Long time no post; three weeks? Well it isn’t because I’ve been busy with anything, I didn’t touch my Juki for most of the time. I really don’t know what I’ve been doing, just moping I guess, I am rather in the moping mood.
Maybe it’s because I’ve been scared, just been hiding in my room. I feel guilty when I eat, especially when it’s ‘luxury’ food like blueberries, muffins, junk food. I feel like my dad doesn’t understand what kind of predicament we’re in. I mostly feel bad for my mom, she’s worked so hard to buy a nice house. I get angry when I’m in my basement (where my Juki is) and downstairs, just seeing all the junk that my dad’s wasted money on. What will we do with it if we do have to sell the house? I should seriously consider secretly ebay-ing it all.

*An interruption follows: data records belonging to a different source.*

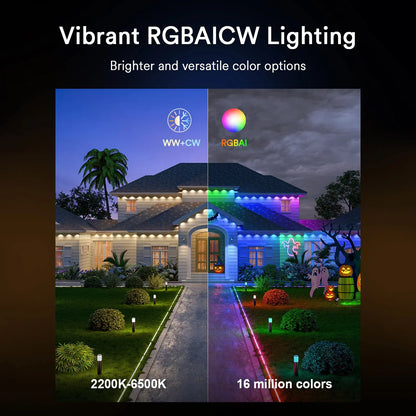 🔥First 100 :2nd Item 60% Off,RGB Eave Lights for Outdoor Use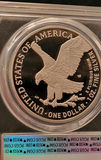 Silver Eagle PCGS First Strike PR70 Army Privy In Case - thumbnail 7 of 7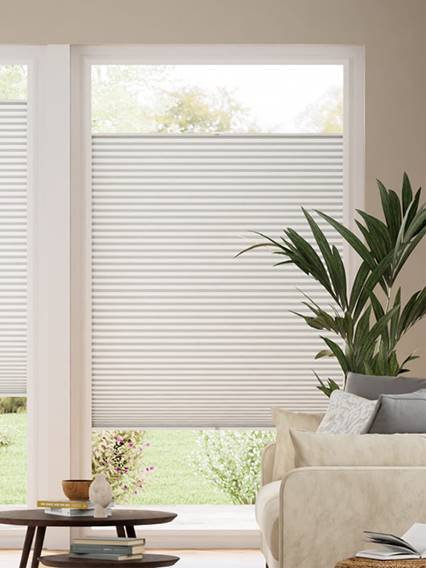 PerfectFIT DuoLight Cloud White Conservatory  Perfect Fit Pleated thumbnail image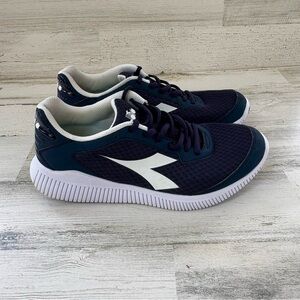 Diadora Women’s Size 9.5 Lace Up Running Shoes In Dark Blue/Slate/Black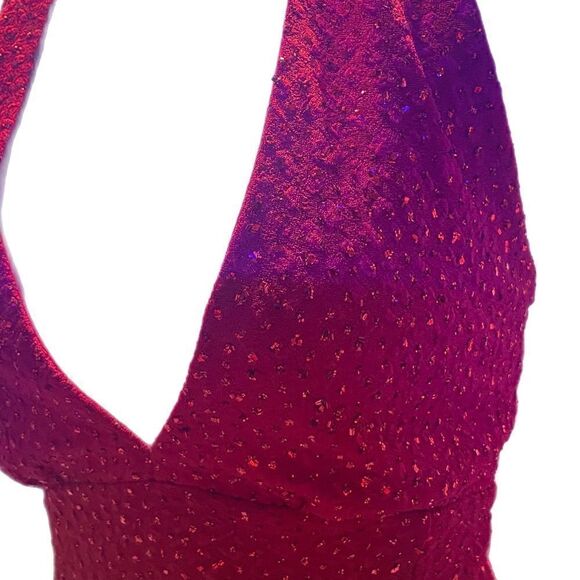 Guess Red Sequin Halter - Picture 2 of 3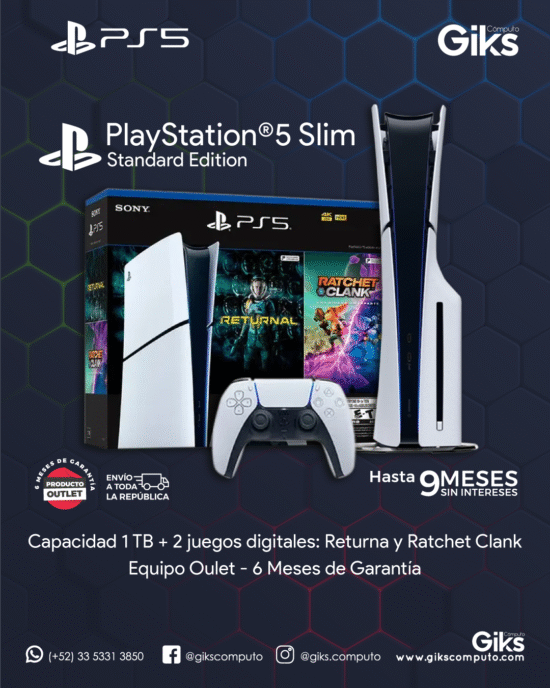 Playstation 5. 1TB. Bundle con 2 juegos Fisicos. NUEVO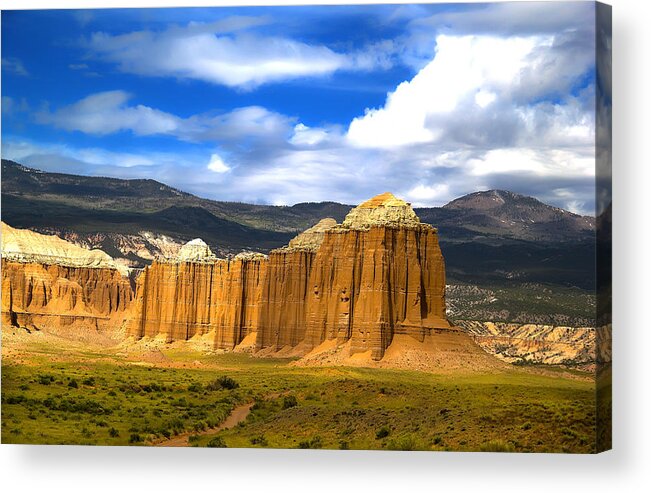 Capitol Reef National Acrylic Print featuring the photograph Capitol Reef National Park Cathedral Valley by Mark Smith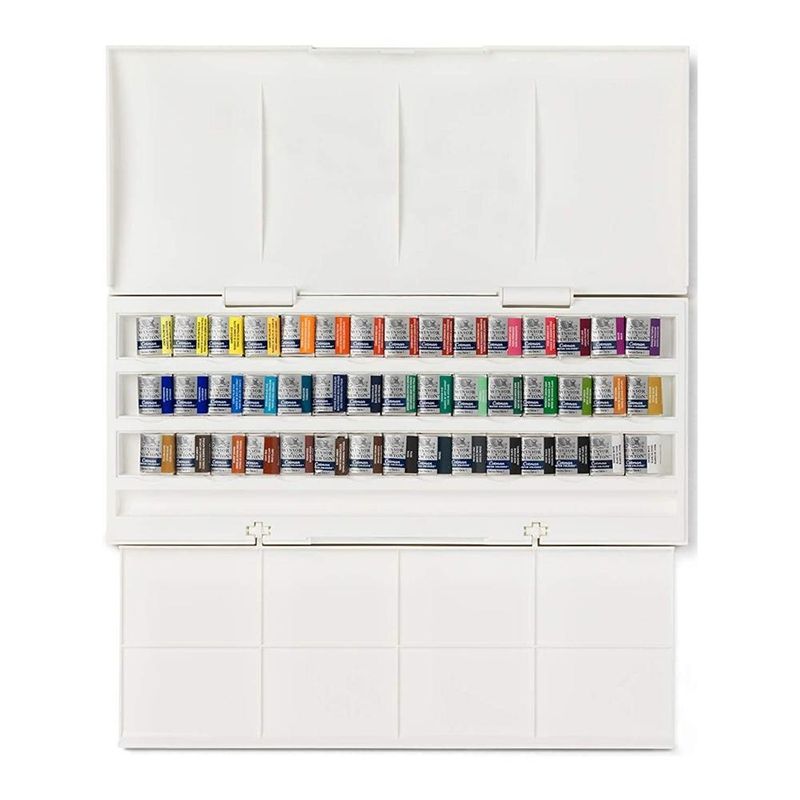 Caja acuarela cotman 45 medias pastillas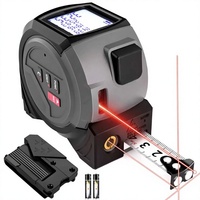 Télémètre laser 40m étanche, précision 2,0 mm, télémètre infrarouge numérique intelligent avec affichage des fractions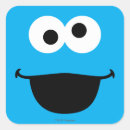 Recherche de cookie monster sesame st autocollants Monstre de cookie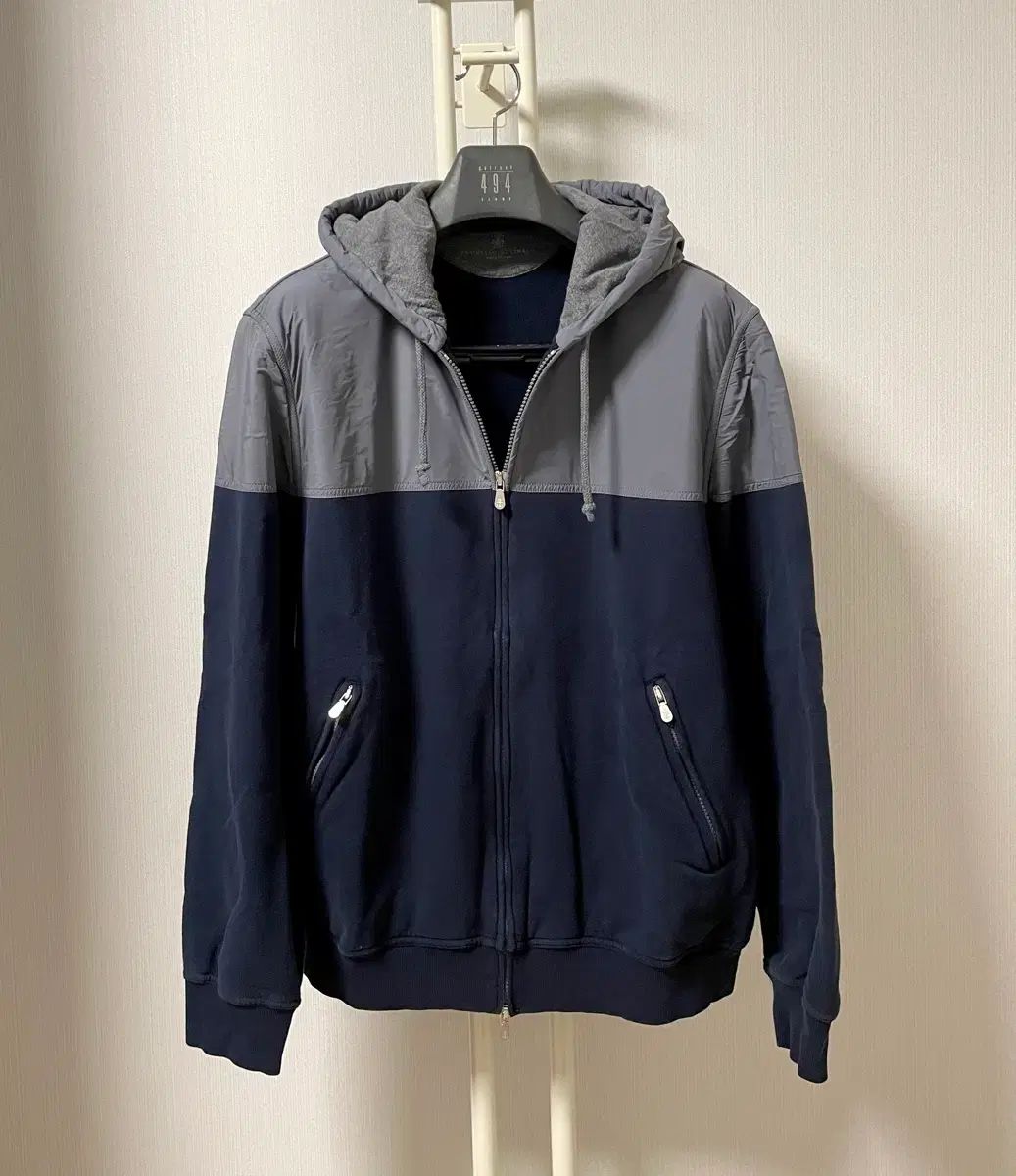 ブルネロクチネリ ジップアップ フーディー ジャケット (XL) - メルカリ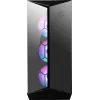 MSI MPG GUNGNIR 110R Mid Tower Obudowa gamingowa do komputera Czarna, USB 3.2 Gen2 Type C, 4 wentylatory 120 mm ARGB, Synchronizacja Mystic Light, Kontroler ARGB 1 na 6, 2 panele ze szkła hartowanego, ATX, mATX, mini-ITX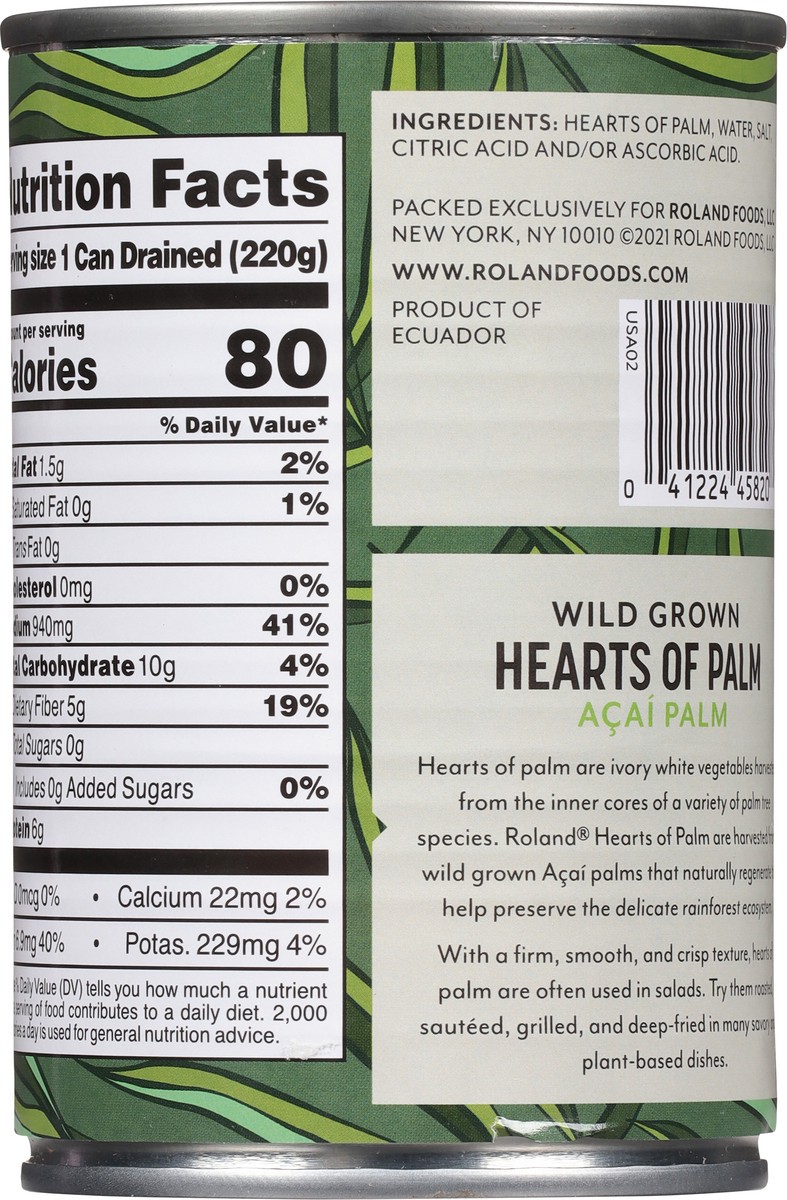 slide 4 of 9, Roland Wild Grown Hearts of Palm 14 oz, 14 oz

I’ve been racking my mind about how to make things better. I have to go to school soon and I’ll have less time to do anything. I’ll already be working on campus but I’ve been trying to find another job. I feel like it’s so futile, I’m praying to get a job in a lab on campus, but I have so little experience in that field. I’ve been procrastinating writing cover letters for this reason, but my mom urges me on for the slight chance that luck will be on my side. If not, I’ll try for just some odd jobs; grocery store, restaurants, but my mom will disapprove in case it jeopardizes my studies if I do.
I wanted to show you my denim vest in this post. It’s a worn pair of jeans, for some reason I always get holes in inconvenient places. Maybe I’ll show the tutorial on how to make it some day.